What’s a Fourth of July celebration without a sweet, big wedge of dripping watermelon? Taking this sweet flavor note, we thought why not grill the fruit to add some lovely smoky flavor? Grilling the watermelon takes two minutes. Once you grill the watermelon, place it in the fridge, covered, until your ready to eat. The idea is to have a cool, refreshing fruit salad that is topped with balsamic cherry tomatoes just before serving. This can all be done ahead of time, packed away in some Tupperware, and served beach-side. So before you snub it, grill it and try it!

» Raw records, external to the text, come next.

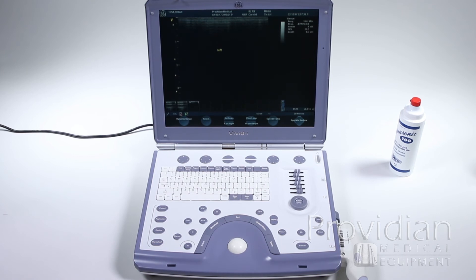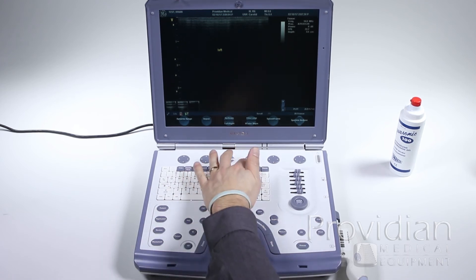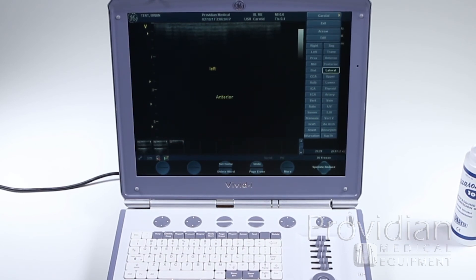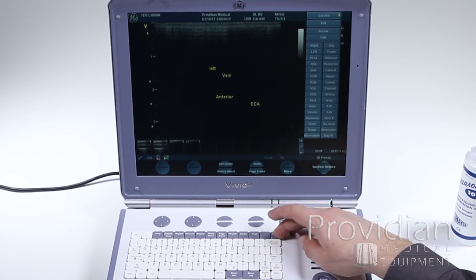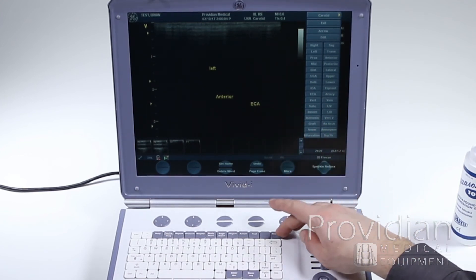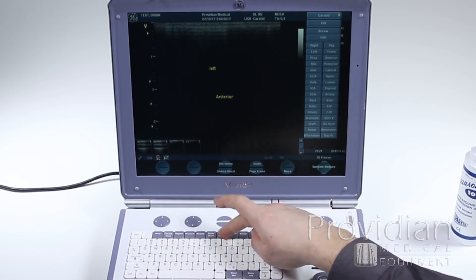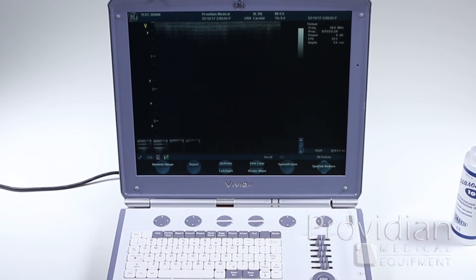If you want to see the annotation library — which can be assigned in system setup, covered in the system setup chapter — hit the text key and that gives you a pre-programmed library of everything available. You can choose options like 'anterior,' select them, and put them all over the screen. Hit store to save. The delete key removes the last annotation added; if you want to clear all, use page erase to remove everything on screen.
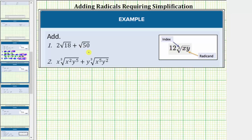We're asked to determine the sum of the given radical expressions. In order to add radical expressions, we must have like radicals. Like radicals are radicals in which the radical part is exactly the same, meaning they have the same index and the same radicand. However, before we identify the like radicals, we must first simplify each radical completely.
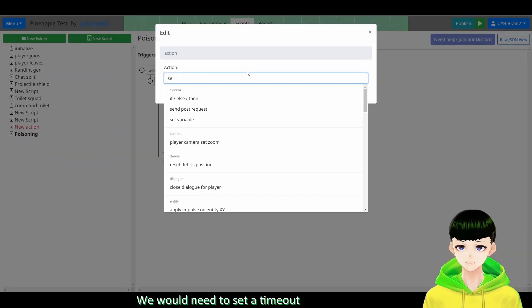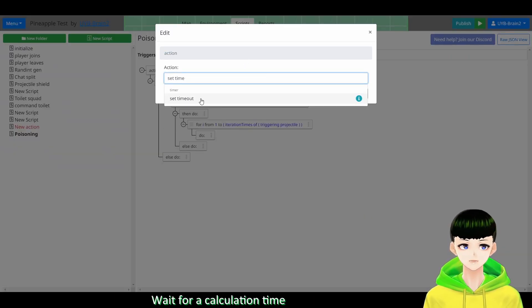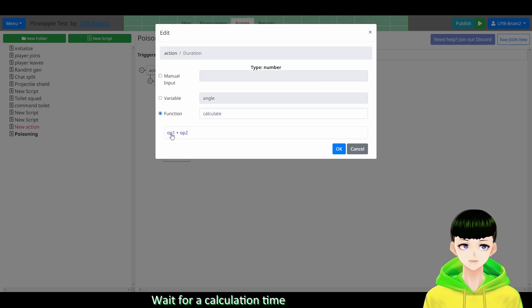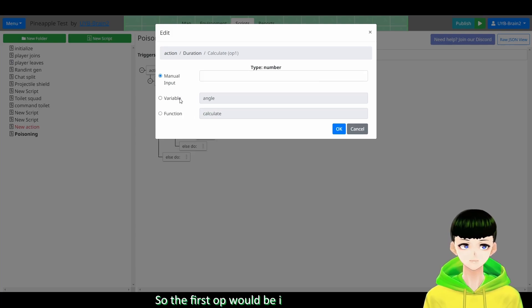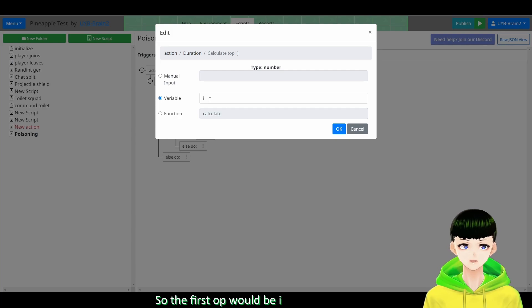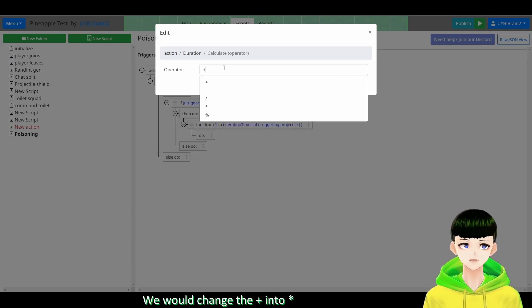We will need to set a timeout. Set wait for a calculation time. So the first over here will be i. And times - so change the plus into times.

Grilled Watermelon Salad with Balsamic Cherry Tomatoes
Prep time: 10 minutes
Cook time: 3 minutes
1 pint of ripe cherry tomatoes
4 tablespoons balsamic vinegar
4 tablespoons extra virgin olive oil
salt and pepper to taste
4 1 inch thick slices of summertime watermelon, with the rind removed
1 tablespoon lime juice
6-8 basil leaves, chiffonade
Place your tomatoes in a small bowl, add salt and pepper, and drizzle in the balsamic vinegar and 2 tablespoons of extra virgin olive oil. Allow to marinate for at least 20 minutes, longer if you have time.

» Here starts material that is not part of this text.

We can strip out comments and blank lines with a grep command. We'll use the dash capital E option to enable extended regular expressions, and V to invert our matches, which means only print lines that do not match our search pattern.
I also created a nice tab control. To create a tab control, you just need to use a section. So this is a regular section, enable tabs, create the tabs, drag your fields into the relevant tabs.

Preheat your grill. Using tongs, place the watermelon directly on your grill. You’re only grilling one side and for just about two minutes. Take the watermelon off the grill once the melon has some nice grill marks. Place in a shallow dish or bowl, and chill in the fridge until you are ready to serve.
The grilled watermelon will release some liquid. Place on a platter and season with 2 tablespoons of extra virgin olive oil, salt, pepper, and lime juice. Top with the balsamic tomatoes. Drizzle any remaining balsamic over the watermelon and garnish with basil.
Note: This can also be done indoors on a grill pan.